___ Data records
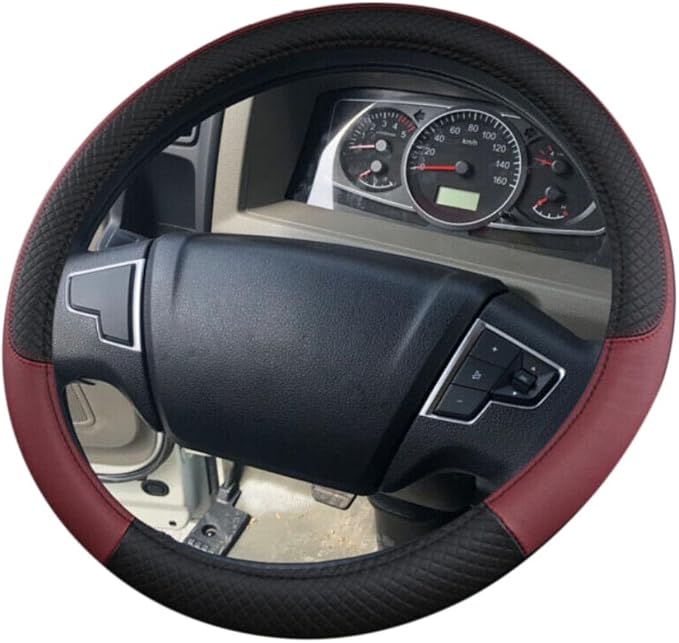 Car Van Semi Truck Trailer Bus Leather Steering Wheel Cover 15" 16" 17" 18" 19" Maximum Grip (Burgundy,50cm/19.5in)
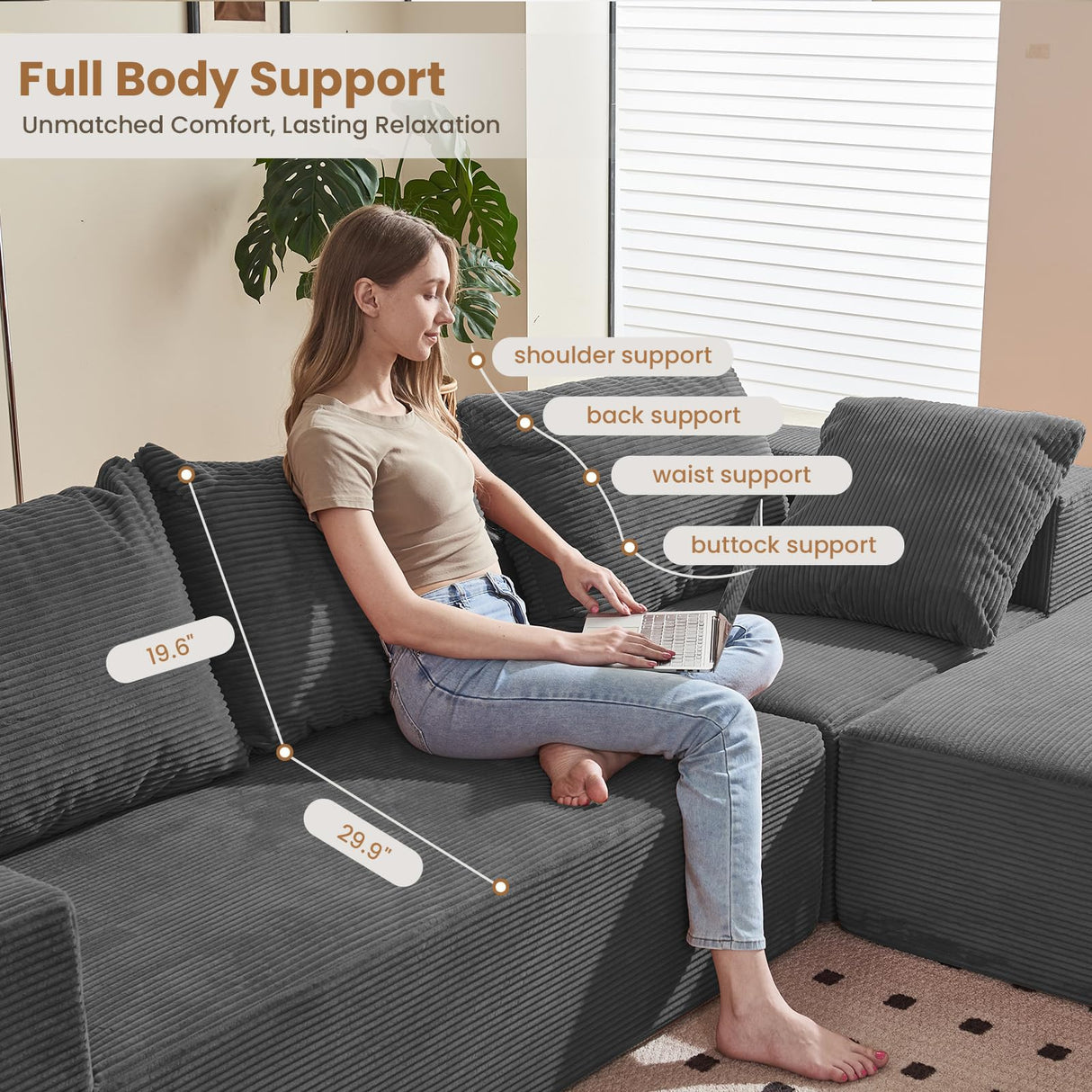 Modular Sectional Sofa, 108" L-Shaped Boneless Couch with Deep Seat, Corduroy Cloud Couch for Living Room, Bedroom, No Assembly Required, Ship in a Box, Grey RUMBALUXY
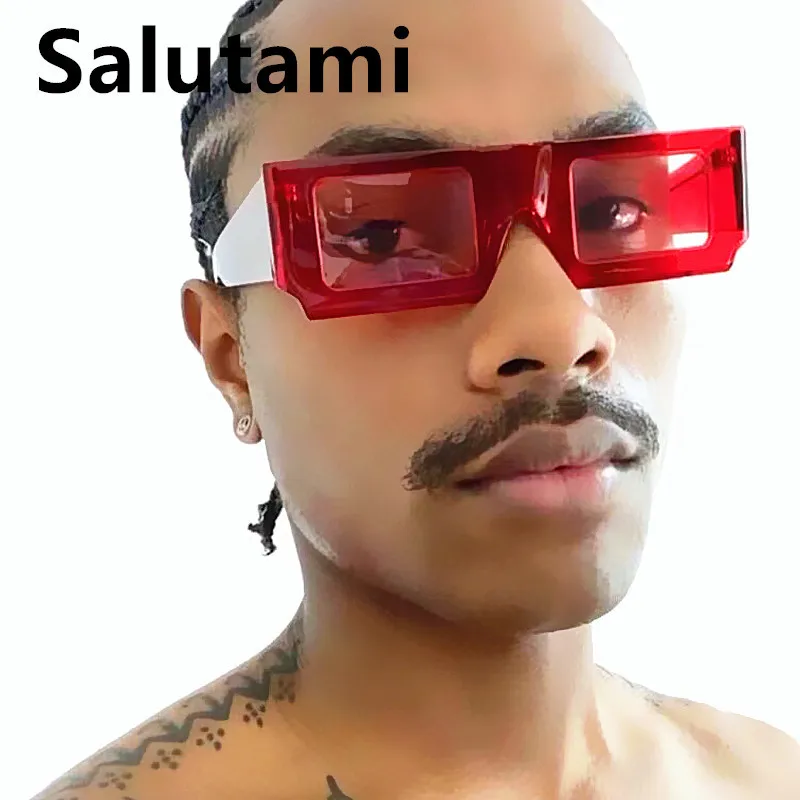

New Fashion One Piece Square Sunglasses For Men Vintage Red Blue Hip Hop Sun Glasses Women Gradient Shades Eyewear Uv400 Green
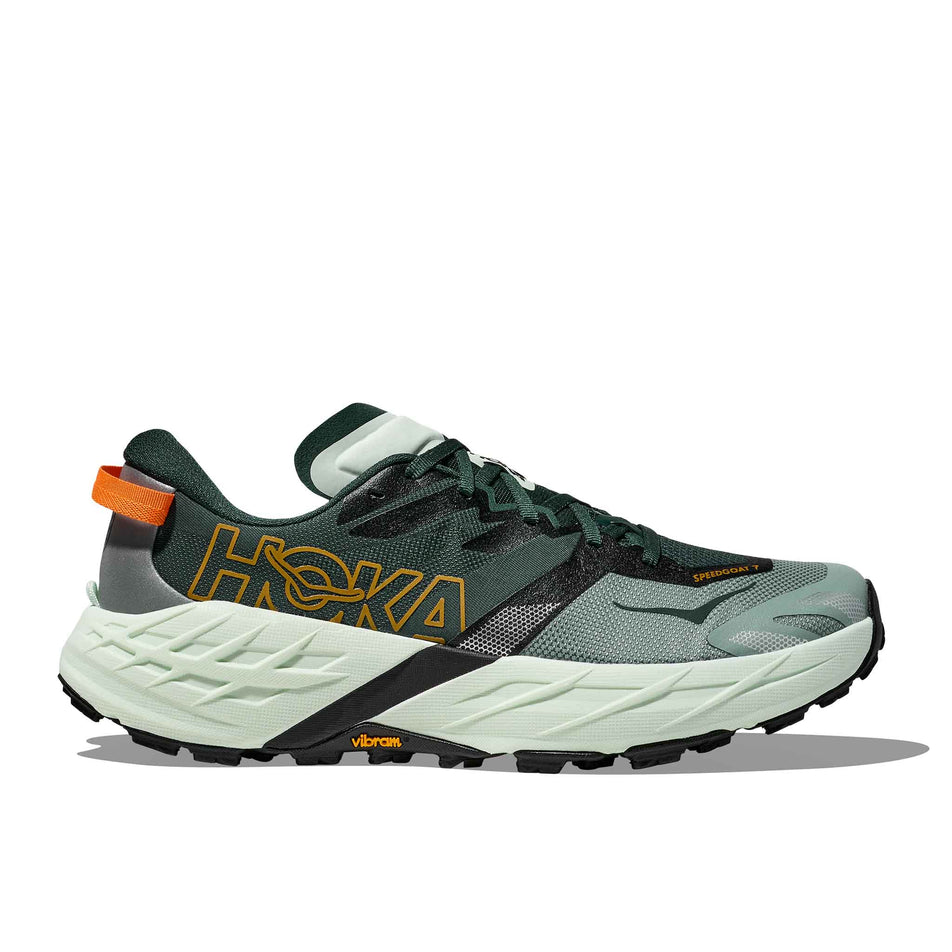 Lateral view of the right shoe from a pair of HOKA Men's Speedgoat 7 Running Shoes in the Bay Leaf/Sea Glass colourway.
______
___ Data records
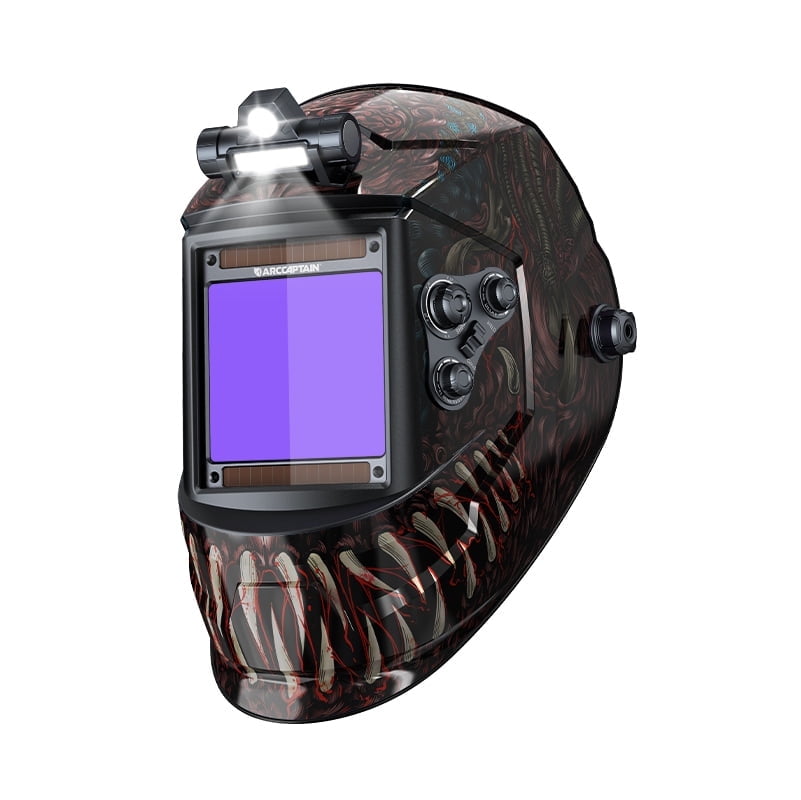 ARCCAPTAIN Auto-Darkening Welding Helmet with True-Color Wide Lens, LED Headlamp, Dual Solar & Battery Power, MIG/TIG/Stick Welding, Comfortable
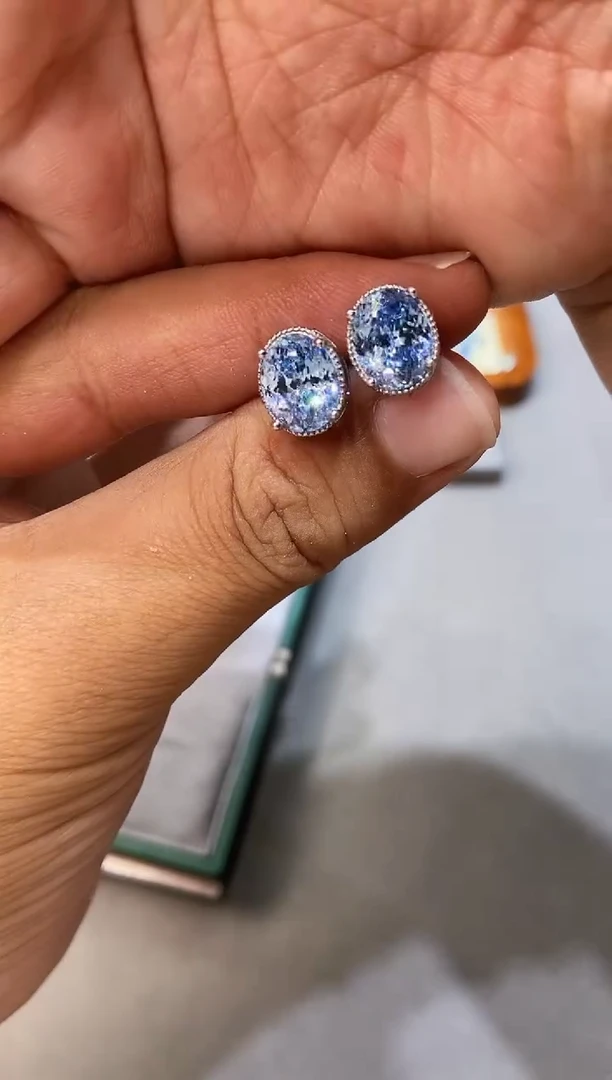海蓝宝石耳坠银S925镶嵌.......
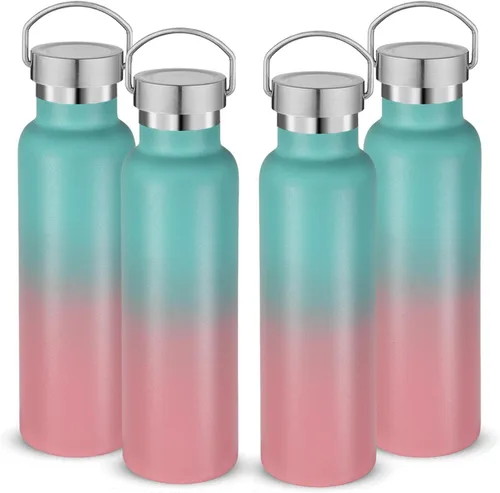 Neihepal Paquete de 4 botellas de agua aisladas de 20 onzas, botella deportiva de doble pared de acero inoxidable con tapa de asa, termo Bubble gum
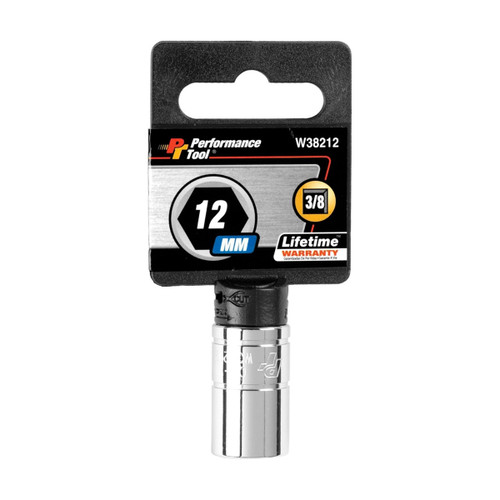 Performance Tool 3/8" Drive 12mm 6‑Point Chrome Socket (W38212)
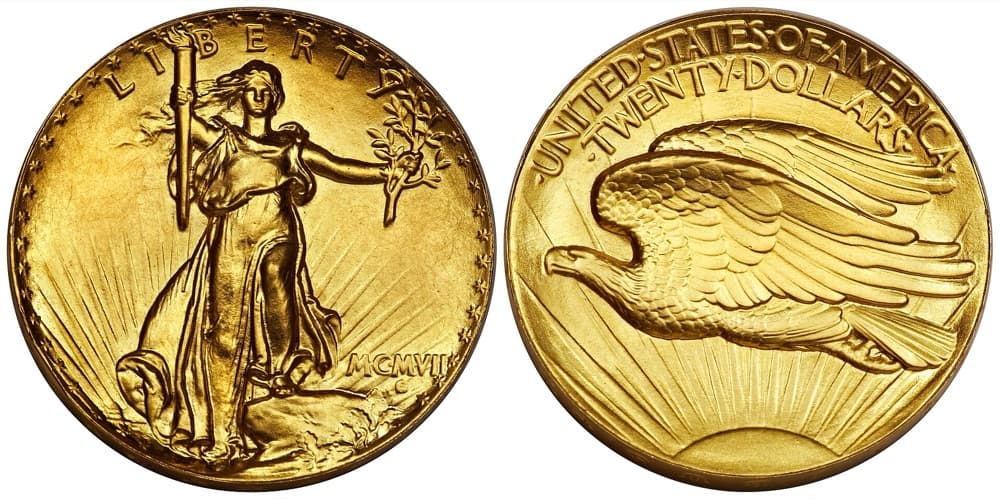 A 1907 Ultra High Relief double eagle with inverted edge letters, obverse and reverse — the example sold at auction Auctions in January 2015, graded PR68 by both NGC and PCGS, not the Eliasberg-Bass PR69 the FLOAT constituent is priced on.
______
- _Try it_: In the data above, find the line with "Car Van Semi" and the line with "Lateral view of". Please copy exactly those two lines and every line between them, but not the pictures.

- _Task result_:
 Car Van Semi Truck Trailer Bus Leather Steering Wheel Cover 15" 16" 17" 18" 19" Maximum Grip (Burgundy,50cm/19.5in)
 Modular Sectional Sofa, 108" L-Shaped Boneless Couch with Deep Seat, Corduroy Cloud Couch for Living Room, Bedroom, No Assembly Required, Ship in a Box, Grey RUMBALUXY

New Fashion One Piece Square Sunglasses For Men Vintage Red Blue Hip Hop Sun Glasses Women Gradient Shades Eyewear Uv400 Green
 Lateral view of the right shoe from a pair of HOKA Men's Speedgoat 7 Running Shoes in the Bay Leaf/Sea Glass colourway.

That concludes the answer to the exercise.